The Isaac aligner is targeted at, but not limited to, read sequences produced by the Illumina HiSeq platform. The aligner uses a novel indexing scheme for the reference genome and efficiently uses CPU capabilities.
Bowtie comprises two alignment algorithms, Bowtie 1 and 2, for read sequence data. Bowtie 1 aligns short reads and indexes the reference genome by applying Burrows-Wheeler transform like BWA. Bowtie 2 is generally faster, more sensitive, and uses less memory than Bowtie 1 for reads longer than 50 bp. In addition, Bowtie 2 supports gapped alignment, i.e. can identify indels.
In-Memory Alignment Server
In-Memory Alignment Server is an alignment tool that is directly integrated and running within our in-memory computing platform. It uses the available main memory for faster index structures, can directly access native database operations, and is highly parallelized to exploit all computational resources. We provide this alignment algorithm in both our Single-Read and Paired-Read pipelines.
SAMtools and BcfTools
SAMtools is a software package with various functionality to manipulate read alignments, e.g. transformation from SAM into compressed BAM format and vice versa, sorting, merging, and indexing. BCFtools processes variant calls in the Variant Call Format (VCF) and its binary counterpart BCF. SAMtools and BCFtools can be combined to conduct variant calling, which is applied in our single-read pipelines.

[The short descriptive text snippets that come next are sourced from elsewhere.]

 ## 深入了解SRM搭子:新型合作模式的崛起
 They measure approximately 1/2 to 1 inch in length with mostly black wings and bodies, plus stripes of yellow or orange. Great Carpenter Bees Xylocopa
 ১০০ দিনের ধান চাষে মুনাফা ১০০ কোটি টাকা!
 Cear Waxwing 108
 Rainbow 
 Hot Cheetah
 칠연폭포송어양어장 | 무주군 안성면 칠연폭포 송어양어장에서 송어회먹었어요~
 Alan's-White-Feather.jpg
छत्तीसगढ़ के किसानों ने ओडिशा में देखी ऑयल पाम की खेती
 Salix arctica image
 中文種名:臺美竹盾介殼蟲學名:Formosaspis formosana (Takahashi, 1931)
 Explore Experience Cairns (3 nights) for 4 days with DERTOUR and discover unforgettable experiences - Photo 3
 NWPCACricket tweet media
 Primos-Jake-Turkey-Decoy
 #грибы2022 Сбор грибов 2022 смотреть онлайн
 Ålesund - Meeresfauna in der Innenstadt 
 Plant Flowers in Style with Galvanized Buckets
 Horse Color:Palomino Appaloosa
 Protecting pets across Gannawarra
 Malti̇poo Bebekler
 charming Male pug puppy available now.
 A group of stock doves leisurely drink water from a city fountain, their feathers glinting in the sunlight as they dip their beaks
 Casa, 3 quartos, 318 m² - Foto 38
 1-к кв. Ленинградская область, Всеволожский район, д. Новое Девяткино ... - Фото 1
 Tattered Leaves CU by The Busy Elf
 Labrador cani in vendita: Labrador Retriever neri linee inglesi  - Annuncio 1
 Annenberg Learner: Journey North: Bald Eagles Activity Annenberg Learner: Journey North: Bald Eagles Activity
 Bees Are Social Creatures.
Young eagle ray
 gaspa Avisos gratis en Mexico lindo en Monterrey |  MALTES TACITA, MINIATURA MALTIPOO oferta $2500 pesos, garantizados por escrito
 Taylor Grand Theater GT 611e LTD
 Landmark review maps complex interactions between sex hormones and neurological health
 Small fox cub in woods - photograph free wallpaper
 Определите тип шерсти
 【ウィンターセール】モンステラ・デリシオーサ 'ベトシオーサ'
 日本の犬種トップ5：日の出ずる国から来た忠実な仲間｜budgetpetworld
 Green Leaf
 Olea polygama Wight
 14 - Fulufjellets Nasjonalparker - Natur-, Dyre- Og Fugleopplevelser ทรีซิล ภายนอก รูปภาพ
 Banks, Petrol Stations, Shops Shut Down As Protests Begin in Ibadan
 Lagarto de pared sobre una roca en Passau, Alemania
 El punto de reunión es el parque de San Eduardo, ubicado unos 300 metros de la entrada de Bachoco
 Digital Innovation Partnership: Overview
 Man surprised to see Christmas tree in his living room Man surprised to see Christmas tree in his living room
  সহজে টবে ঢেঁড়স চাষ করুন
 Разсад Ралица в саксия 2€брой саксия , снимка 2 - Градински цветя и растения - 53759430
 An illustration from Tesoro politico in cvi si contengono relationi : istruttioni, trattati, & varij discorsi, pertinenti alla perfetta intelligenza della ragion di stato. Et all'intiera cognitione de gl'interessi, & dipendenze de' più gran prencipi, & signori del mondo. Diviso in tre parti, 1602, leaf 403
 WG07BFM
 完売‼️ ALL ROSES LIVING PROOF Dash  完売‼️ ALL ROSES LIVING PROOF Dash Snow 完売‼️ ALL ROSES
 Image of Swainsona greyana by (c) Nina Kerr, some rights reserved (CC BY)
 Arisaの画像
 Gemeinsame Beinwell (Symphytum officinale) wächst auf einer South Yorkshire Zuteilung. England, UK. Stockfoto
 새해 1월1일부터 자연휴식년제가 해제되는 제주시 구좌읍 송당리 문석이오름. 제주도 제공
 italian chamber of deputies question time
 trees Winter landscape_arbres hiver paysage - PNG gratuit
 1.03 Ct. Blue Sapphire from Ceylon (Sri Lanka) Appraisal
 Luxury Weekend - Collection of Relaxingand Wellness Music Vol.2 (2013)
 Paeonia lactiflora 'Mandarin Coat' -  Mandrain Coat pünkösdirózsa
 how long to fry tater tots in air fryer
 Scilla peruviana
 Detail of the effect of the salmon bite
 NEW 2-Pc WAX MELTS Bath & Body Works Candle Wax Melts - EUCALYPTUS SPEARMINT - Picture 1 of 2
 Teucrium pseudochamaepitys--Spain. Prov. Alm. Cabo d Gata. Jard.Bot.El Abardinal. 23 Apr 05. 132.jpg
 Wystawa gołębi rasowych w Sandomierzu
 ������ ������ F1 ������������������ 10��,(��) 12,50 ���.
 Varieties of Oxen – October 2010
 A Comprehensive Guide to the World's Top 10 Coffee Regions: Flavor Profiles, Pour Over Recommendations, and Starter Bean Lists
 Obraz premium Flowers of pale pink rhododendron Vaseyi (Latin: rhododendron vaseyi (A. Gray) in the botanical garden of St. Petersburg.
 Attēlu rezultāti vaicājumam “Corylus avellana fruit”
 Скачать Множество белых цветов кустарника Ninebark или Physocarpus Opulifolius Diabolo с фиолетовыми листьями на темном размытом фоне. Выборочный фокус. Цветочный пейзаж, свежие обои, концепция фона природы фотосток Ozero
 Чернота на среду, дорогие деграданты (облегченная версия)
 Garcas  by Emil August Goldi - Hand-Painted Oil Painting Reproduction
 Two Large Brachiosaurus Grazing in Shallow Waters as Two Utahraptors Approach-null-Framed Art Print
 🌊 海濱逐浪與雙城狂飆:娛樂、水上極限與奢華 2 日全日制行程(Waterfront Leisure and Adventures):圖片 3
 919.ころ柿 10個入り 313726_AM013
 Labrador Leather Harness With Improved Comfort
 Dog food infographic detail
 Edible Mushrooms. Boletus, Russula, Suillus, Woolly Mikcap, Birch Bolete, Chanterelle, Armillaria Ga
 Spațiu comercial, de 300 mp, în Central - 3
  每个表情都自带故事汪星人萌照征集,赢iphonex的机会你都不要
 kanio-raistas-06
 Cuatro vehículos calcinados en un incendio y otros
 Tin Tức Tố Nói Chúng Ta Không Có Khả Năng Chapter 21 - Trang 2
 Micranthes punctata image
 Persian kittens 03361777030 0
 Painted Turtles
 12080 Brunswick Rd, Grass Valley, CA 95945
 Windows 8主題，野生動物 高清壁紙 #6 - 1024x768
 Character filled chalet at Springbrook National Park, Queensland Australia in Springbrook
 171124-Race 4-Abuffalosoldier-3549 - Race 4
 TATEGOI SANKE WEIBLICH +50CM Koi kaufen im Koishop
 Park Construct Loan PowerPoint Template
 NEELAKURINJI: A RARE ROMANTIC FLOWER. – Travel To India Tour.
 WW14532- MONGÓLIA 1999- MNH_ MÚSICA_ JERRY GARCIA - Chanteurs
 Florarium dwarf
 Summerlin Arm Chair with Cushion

Genome Analysis Toolkit (GATK)
The Genome Analysis Toolkit (GATK) is a software package offering a range of tools for the efficient processing of sequencing data. Its main focus lies on variant discovery and improving data quality for that step, e.g. by applying local realignment or base quality score recalibration. The tools are highly parallelized to efficiently process input data.
Picard is a set of Java-based tools to manipulate SAM and BAM files. In our pipelines, we use it particularly for read duplicate detection.